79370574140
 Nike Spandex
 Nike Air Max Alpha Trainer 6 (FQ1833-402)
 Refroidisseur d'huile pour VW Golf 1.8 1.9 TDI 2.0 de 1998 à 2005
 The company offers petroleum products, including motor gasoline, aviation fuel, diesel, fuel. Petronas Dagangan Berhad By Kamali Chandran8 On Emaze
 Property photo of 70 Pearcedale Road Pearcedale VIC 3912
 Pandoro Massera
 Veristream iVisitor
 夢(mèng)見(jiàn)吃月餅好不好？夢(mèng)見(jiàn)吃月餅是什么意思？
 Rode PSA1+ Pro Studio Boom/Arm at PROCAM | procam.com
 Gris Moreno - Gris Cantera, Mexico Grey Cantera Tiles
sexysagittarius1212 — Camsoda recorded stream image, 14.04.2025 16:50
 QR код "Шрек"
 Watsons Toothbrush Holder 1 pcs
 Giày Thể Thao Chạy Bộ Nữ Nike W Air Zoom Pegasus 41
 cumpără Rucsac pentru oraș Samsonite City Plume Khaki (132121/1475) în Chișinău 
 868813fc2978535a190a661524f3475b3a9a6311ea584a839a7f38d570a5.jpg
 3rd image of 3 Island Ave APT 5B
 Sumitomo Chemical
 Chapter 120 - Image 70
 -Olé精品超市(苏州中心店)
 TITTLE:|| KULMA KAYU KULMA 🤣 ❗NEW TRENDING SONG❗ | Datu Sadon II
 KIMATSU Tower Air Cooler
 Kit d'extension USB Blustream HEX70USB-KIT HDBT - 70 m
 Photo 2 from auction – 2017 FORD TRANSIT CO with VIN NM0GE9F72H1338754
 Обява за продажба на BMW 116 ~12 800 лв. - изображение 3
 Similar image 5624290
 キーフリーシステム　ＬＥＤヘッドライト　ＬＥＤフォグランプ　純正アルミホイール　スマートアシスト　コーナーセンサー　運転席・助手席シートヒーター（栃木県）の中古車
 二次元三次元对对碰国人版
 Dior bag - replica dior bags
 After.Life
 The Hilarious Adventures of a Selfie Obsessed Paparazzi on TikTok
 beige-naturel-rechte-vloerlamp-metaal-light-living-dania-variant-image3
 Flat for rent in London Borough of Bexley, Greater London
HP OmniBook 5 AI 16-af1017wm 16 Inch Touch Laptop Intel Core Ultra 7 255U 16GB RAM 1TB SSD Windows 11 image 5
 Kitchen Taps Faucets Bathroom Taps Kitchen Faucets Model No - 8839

##########

• **GOAL OF THE EXERCISE**
What you return must be the entries, given again word for word.

• **REPLY TO THE TASK**
79370574140
 Nike Spandex
 Nike Air Max Alpha Trainer 6 (FQ1833-402)
 Refroidisseur d'huile pour VW Golf 1.8 1.9 TDI 2.0 de 1998 à 2005
 The company offers petroleum products, including motor gasoline, aviation fuel, diesel, fuel. Petronas Dagangan Berhad By Kamali Chandran8 On Emaze
 Property photo of 70 Pearcedale Road Pearcedale VIC 3912
 Pandoro Massera
 Veristream iVisitor
 夢(mèng)見(jiàn)吃月餅好不好？夢(mèng)見(jiàn)吃月餅是什么意思？
 Rode PSA1+ Pro Studio Boom/Arm at PROCAM | procam.com
 Gris Moreno - Gris Cantera, Mexico Grey Cantera Tiles
sexysagittarius1212 — Camsoda recorded stream image, 14.04.2025 16:50
 QR код "Шрек"
 Watsons Toothbrush Holder 1 pcs
 Giày Thể Thao Chạy Bộ Nữ Nike W Air Zoom Pegasus 41
 cumpără Rucsac pentru oraș Samsonite City Plume Khaki (132121/1475) în Chișinău 
 868813fc2978535a190a661524f3475b3a9a6311ea584a839a7f38d570a5.jpg
 3rd image of 3 Island Ave APT 5B
 Sumitomo Chemical
 Chapter 120 - Image 70
 -Olé精品超市(苏州中心店)
 TITTLE:|| KULMA KAYU KULMA 🤣 ❗NEW TRENDING SONG❗ | Datu Sadon II
 KIMATSU Tower Air Cooler
 Kit d'extension USB Blustream HEX70USB-KIT HDBT - 70 m
 Photo 2 from auction – 2017 FORD TRANSIT CO with VIN NM0GE9F72H1338754
 Обява за продажба на BMW 116 ~12 800 лв. - изображение 3
 Similar image 5624290
 キーフリーシステム　ＬＥＤヘッドライト　ＬＥＤフォグランプ　純正アルミホイール　スマートアシスト　コーナーセンサー　運転席・助手席シートヒーター（栃木県）の中古車
 二次元三次元对对碰国人版
 Dior bag - replica dior bags
 After.Life
 The Hilarious Adventures of a Selfie Obsessed Paparazzi on TikTok
 beige-naturel-rechte-vloerlamp-metaal-light-living-dania-variant-image3
 Flat for rent in London Borough of Bexley, Greater London
HP OmniBook 5 AI 16-af1017wm 16 Inch Touch Laptop Intel Core Ultra 7 255U 16GB RAM 1TB SSD Windows 11 image 5
 Kitchen Taps Faucets Bathroom Taps Kitchen Faucets Model No - 8839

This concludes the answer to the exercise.